==== Source information ====

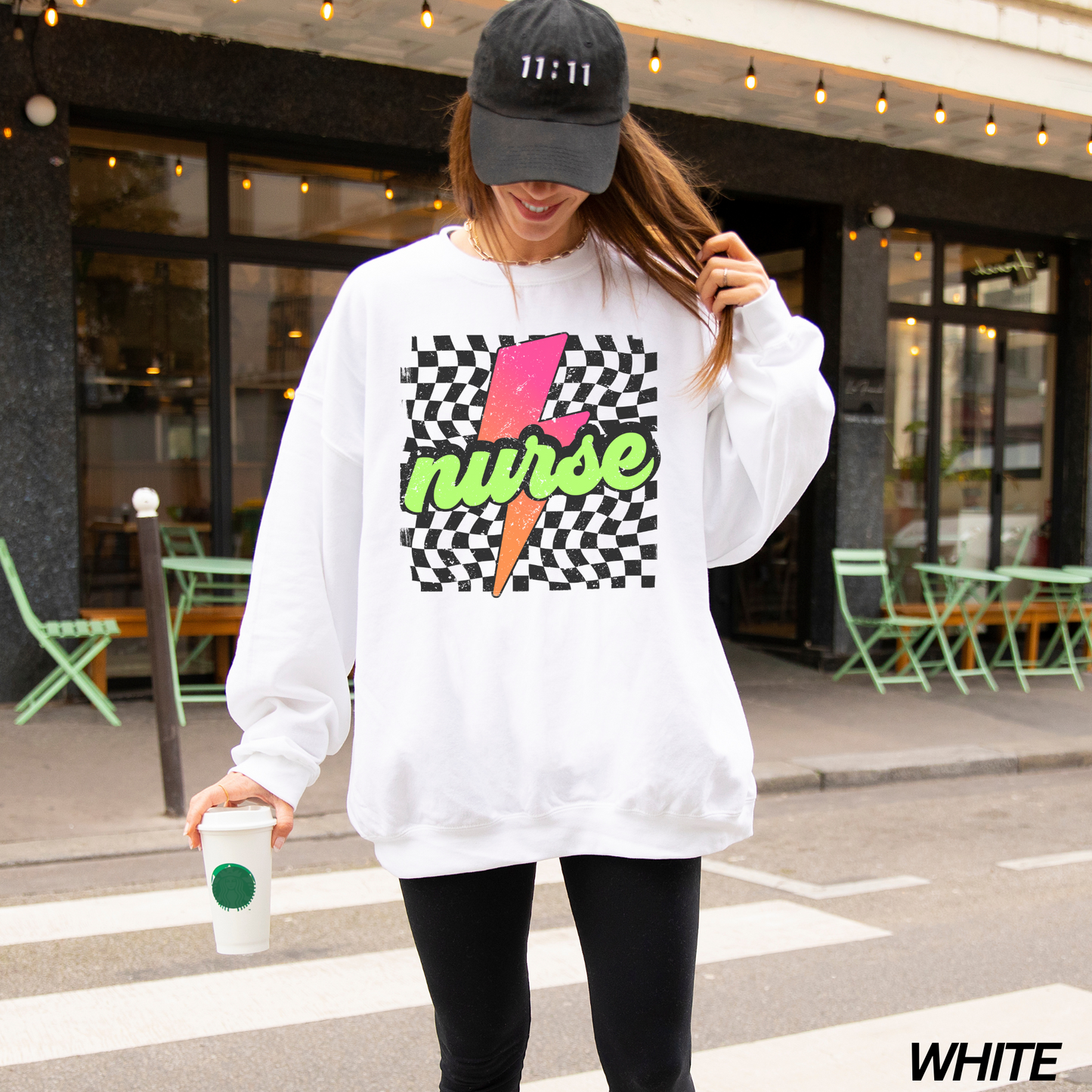 Checkered Neon Lightning Bolt Nurse Sweatshirt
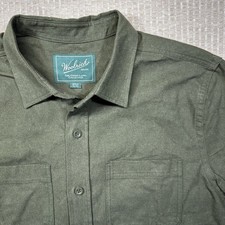Woolrich Mens XL GREEN LABEL Green CHAMOIS Long Sleeve Button Up Shirt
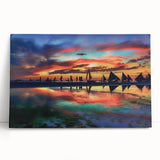 Vibrant abstract landscape wall art on stretched canvas, showcasing bold colors and fluid shapes, perfect for modern home decor and artistic ambiance.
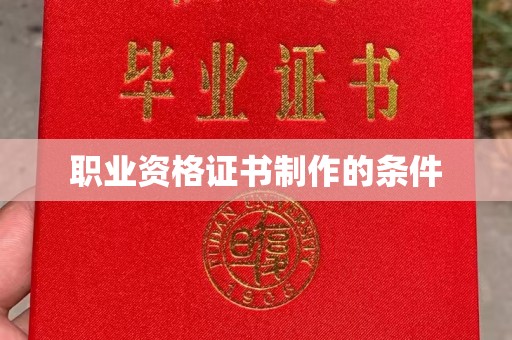 沣东职业资格证书制作的条件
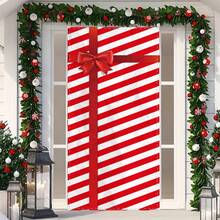 Christmas Door Cover Decoration Creative Diagonal Stripes Letter Large Bow Pattern Holiday Front Door Wrap For Home Party Decor - Red - View 5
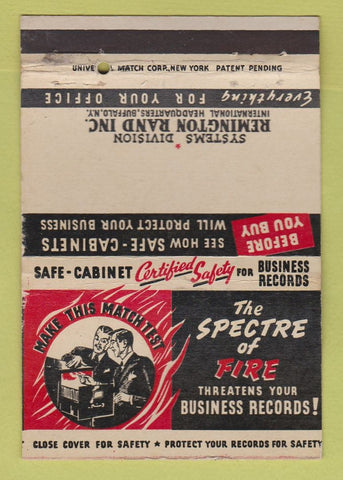 Matchbook Cover - Remington Fire Protection Cabinets Buffalo NY WEAR 40 Strike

====

#### Required work:
Retype every entry exactly as written, but omit the pictures.

#### Reply:
 Checkered Neon Lightning Bolt Nurse Sweatshirt
Woolrich Mens XL GREEN LABEL Green CHAMOIS Long Sleeve Button Up Shirt
 Vibrant abstract landscape wall art on stretched canvas, showcasing bold colors and fluid shapes, perfect for modern home decor and artistic ambiance.
 沣东职业资格证书制作的条件
 Christmas Door Cover Decoration Creative Diagonal Stripes Letter Large Bow Pattern Holiday Front Door Wrap For Home Party Decor - Red - View 5
 Matchbook Cover - Remington Fire Protection Cabinets Buffalo NY WEAR 40 Strike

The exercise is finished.